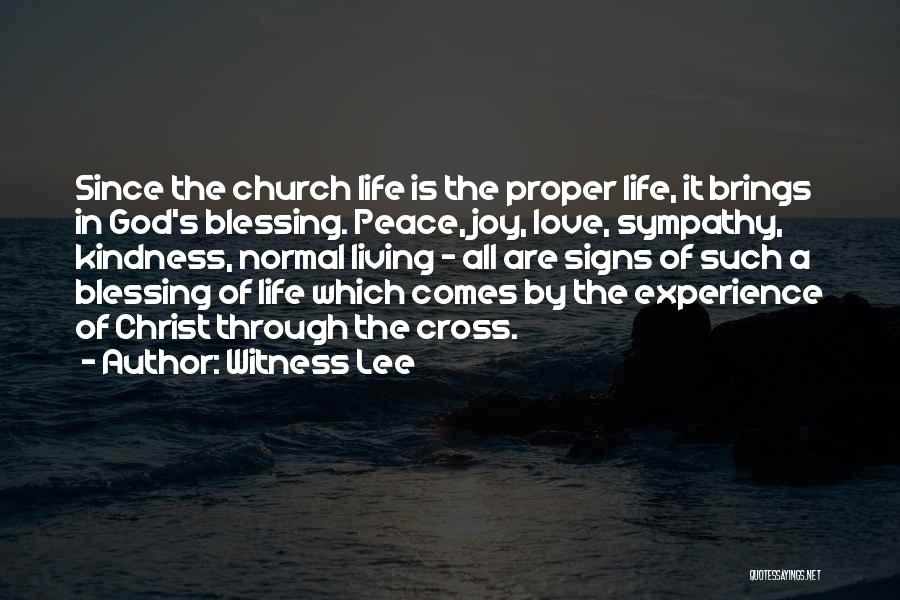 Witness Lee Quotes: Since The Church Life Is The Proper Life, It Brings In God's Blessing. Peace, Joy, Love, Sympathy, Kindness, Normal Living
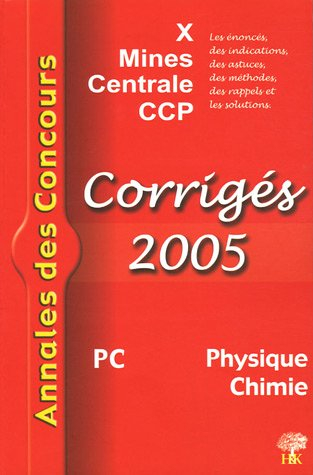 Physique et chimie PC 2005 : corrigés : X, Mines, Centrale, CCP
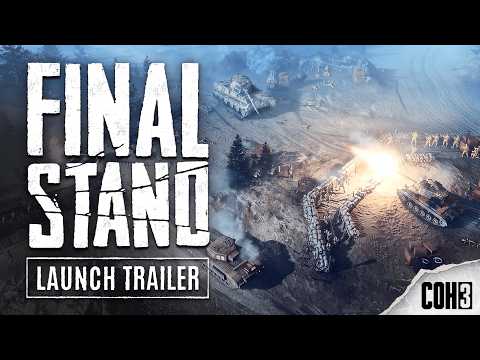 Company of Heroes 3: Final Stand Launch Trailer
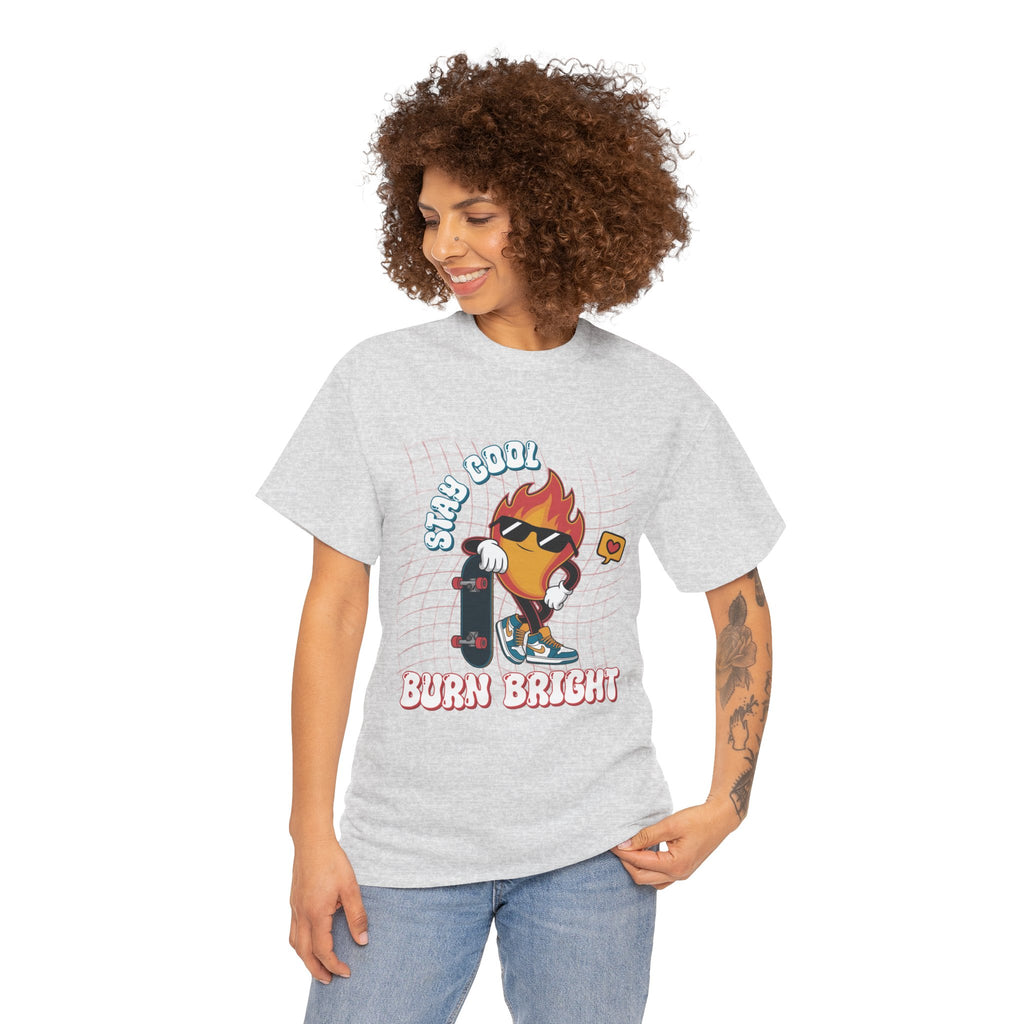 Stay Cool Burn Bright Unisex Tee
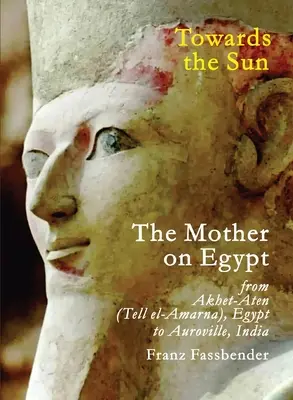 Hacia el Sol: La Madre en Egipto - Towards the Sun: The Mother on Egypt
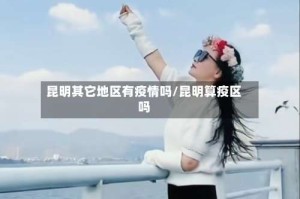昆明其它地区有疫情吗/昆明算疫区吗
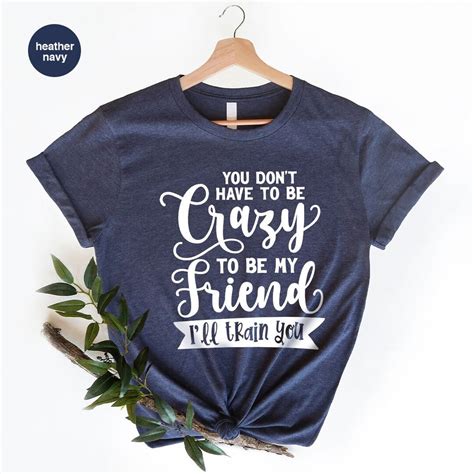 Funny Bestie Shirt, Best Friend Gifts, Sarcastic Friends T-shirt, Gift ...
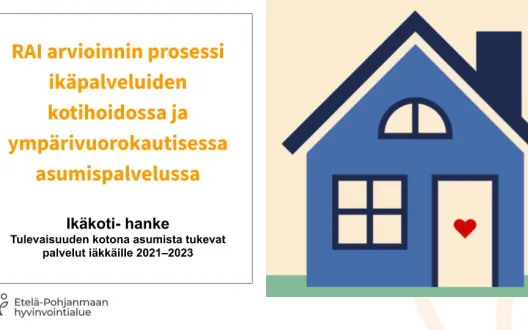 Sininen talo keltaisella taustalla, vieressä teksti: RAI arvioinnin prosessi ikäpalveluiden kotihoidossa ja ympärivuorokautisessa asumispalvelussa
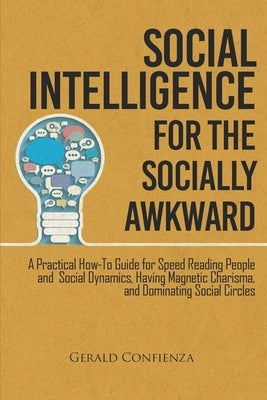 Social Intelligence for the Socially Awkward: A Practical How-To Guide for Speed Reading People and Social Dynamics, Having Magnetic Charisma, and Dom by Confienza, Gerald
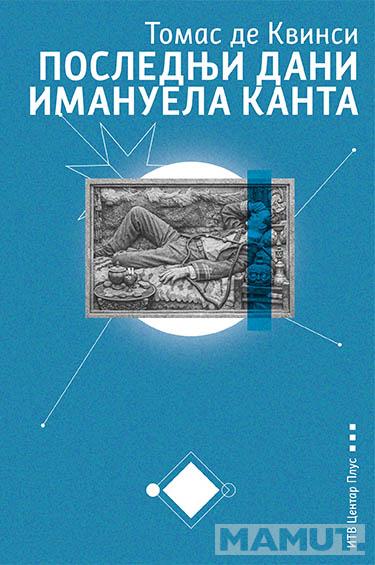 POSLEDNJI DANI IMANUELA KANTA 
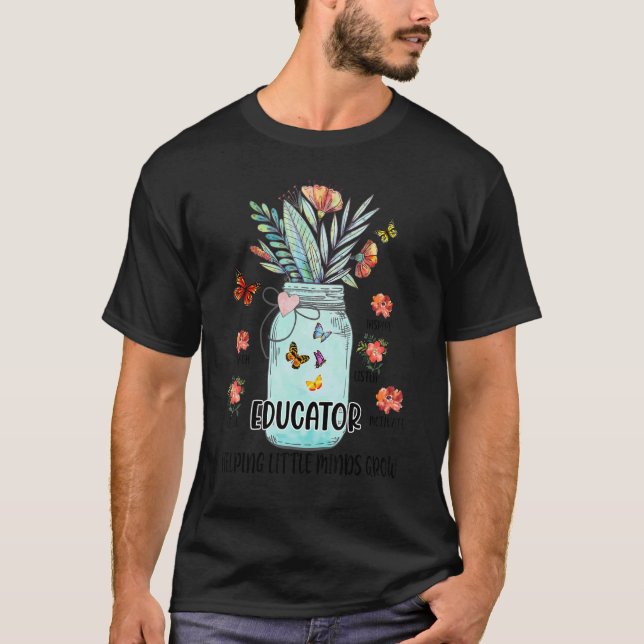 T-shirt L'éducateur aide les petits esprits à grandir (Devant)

════════════════

In the answer, retype exactly and only the lines from the one holding "Hacia el Sol: La" through the end of the listing, keeping both ends and dropping every picture.

> ANSWER TO THIS TASK:
 Hacia el Sol: La Madre en Egipto - Towards the Sun: The Mother on Egypt
昆明其它地区有疫情吗/昆明算疫区吗
 Funny Bestie Shirt, Best Friend Gifts, Sarcastic Friends T-shirt, Gift ...
 Sininen talo keltaisella taustalla, vieressä teksti: RAI arvioinnin prosessi ikäpalveluiden kotihoidossa ja ympärivuorokautisessa asumispalvelussa
 Social Intelligence for the Socially Awkward: A Practical How-To Guide for Speed Reading People and Social Dynamics, Having Magnetic Charisma, and Dom by Confienza, Gerald
 POSLEDNJI DANI IMANUELA KANTA 
 T-shirt L'éducateur aide les petits esprits à grandir (Devant)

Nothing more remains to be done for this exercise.